• Information:

○ ○ ○

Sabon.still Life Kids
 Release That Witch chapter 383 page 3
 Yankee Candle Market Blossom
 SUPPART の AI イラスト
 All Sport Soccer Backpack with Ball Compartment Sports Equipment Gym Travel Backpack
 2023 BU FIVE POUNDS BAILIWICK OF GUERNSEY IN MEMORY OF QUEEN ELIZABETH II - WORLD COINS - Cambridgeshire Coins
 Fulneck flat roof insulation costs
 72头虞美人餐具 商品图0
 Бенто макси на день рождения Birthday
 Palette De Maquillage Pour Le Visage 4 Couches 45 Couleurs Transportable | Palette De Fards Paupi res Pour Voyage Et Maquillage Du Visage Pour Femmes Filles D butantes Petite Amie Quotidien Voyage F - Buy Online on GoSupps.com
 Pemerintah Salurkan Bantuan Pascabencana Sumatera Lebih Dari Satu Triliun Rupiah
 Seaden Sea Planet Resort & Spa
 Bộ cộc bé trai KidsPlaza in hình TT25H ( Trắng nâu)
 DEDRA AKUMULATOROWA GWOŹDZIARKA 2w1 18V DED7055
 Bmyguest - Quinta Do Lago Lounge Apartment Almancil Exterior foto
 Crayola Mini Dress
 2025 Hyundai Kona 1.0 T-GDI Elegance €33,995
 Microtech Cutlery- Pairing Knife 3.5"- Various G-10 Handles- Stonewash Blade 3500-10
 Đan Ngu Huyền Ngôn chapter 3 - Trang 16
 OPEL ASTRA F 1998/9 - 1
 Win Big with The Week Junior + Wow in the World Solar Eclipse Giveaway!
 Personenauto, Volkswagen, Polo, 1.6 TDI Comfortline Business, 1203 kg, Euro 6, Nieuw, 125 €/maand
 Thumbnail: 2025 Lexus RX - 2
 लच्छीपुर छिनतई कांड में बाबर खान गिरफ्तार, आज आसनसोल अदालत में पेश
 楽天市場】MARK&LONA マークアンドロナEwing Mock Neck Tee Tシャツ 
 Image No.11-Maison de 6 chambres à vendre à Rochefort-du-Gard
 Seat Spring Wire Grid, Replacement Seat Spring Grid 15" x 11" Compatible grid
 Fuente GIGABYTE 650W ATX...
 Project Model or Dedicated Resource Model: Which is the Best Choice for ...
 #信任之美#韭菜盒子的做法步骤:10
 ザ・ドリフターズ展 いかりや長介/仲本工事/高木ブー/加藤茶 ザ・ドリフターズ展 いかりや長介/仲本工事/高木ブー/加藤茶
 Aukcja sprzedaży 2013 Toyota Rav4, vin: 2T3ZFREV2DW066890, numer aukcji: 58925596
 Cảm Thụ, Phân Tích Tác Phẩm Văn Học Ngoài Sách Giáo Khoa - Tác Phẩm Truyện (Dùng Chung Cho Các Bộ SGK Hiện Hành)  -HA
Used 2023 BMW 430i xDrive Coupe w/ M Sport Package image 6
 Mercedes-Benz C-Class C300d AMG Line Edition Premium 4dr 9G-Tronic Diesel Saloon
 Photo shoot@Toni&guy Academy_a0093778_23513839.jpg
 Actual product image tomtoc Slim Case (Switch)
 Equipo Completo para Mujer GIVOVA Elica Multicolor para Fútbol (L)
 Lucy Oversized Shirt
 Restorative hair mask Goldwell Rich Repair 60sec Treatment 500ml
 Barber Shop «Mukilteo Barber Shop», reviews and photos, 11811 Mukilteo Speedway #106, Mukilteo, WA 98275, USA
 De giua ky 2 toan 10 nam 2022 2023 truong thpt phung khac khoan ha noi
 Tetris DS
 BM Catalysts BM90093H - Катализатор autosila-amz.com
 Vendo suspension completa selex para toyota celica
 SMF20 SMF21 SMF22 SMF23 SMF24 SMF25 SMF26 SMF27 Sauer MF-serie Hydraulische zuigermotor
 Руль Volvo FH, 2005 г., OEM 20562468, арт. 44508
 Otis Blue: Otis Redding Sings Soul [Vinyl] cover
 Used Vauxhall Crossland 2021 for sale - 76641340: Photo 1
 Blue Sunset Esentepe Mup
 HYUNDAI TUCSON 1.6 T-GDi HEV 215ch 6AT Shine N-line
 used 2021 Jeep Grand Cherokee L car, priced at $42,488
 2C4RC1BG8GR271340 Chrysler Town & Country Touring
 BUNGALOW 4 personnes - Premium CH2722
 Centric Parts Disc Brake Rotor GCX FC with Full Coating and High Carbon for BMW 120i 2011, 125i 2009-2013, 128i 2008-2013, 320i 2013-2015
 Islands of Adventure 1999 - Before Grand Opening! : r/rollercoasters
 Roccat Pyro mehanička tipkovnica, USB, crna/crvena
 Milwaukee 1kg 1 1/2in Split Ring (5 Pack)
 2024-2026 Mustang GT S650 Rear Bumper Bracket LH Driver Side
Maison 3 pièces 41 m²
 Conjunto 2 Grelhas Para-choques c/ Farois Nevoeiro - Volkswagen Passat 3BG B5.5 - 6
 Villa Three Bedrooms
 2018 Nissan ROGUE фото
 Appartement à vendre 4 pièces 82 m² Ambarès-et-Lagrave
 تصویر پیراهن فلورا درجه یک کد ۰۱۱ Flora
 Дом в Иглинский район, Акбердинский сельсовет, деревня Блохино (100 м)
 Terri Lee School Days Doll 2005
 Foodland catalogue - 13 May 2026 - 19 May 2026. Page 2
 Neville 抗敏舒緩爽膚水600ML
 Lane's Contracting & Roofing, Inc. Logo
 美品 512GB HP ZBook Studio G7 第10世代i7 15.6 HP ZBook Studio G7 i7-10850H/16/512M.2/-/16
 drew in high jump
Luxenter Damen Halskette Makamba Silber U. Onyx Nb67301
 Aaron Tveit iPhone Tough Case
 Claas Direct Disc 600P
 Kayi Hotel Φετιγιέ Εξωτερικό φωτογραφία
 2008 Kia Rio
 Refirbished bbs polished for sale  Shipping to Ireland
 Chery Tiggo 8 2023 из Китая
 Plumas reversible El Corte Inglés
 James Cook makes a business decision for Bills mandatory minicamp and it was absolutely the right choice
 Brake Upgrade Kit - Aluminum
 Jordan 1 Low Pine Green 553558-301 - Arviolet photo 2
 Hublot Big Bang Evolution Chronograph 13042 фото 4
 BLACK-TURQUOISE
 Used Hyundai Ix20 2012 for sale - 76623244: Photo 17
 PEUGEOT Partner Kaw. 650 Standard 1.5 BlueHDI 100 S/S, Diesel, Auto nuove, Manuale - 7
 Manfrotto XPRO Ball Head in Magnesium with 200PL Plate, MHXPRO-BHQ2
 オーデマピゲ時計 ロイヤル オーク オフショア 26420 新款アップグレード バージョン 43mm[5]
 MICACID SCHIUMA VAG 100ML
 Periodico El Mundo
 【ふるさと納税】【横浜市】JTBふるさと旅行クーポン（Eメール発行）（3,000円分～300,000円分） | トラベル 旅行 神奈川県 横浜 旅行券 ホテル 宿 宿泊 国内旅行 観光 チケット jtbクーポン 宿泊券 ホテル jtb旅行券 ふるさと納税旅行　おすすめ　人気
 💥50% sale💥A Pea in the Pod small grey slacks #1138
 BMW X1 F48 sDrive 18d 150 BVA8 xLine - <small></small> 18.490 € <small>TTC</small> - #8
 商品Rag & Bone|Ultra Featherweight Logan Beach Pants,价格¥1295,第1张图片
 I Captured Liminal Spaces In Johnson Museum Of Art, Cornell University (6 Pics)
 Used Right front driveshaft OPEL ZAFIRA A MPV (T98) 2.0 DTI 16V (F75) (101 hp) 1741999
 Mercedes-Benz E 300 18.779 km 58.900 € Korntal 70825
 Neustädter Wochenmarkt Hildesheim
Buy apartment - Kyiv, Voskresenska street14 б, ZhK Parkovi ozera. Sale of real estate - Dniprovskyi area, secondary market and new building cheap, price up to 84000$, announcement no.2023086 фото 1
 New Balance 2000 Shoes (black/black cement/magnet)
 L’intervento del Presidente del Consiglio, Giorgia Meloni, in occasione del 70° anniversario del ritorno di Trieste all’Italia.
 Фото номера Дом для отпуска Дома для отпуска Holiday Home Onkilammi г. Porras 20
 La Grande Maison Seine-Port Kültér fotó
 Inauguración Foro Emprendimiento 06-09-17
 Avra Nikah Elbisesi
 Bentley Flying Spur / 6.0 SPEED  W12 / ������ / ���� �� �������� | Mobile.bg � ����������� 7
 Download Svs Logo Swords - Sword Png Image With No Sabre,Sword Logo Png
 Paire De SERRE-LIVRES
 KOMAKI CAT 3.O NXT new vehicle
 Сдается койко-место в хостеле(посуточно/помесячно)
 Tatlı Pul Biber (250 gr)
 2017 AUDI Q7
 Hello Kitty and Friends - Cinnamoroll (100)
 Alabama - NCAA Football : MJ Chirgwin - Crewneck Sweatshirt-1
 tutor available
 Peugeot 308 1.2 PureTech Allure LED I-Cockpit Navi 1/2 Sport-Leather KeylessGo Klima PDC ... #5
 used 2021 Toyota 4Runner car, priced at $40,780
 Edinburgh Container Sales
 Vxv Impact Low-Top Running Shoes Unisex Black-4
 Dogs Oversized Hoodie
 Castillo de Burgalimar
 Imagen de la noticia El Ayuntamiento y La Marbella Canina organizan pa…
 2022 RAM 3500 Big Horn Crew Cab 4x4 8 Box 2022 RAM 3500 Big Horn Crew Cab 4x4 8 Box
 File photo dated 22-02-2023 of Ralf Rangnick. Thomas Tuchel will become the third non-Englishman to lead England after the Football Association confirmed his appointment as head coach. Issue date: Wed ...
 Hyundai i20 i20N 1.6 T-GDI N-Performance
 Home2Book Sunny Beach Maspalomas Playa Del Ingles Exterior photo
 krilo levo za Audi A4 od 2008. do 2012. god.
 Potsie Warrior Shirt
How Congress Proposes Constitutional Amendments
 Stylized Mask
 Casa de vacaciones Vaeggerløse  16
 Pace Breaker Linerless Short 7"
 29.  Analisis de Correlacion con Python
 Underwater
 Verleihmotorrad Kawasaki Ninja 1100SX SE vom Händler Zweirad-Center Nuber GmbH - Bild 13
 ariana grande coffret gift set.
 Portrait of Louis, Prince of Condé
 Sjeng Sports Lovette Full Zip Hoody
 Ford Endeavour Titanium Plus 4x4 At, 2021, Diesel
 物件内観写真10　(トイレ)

○ ○ ○

• Exercise description: Return a copy of each line in the records above that has "Disc" in it.

• Answer below:
 Centric Parts Disc Brake Rotor GCX FC with Full Coating and High Carbon for BMW 120i 2011, 125i 2009-2013, 128i 2008-2013, 320i 2013-2015
 Claas Direct Disc 600P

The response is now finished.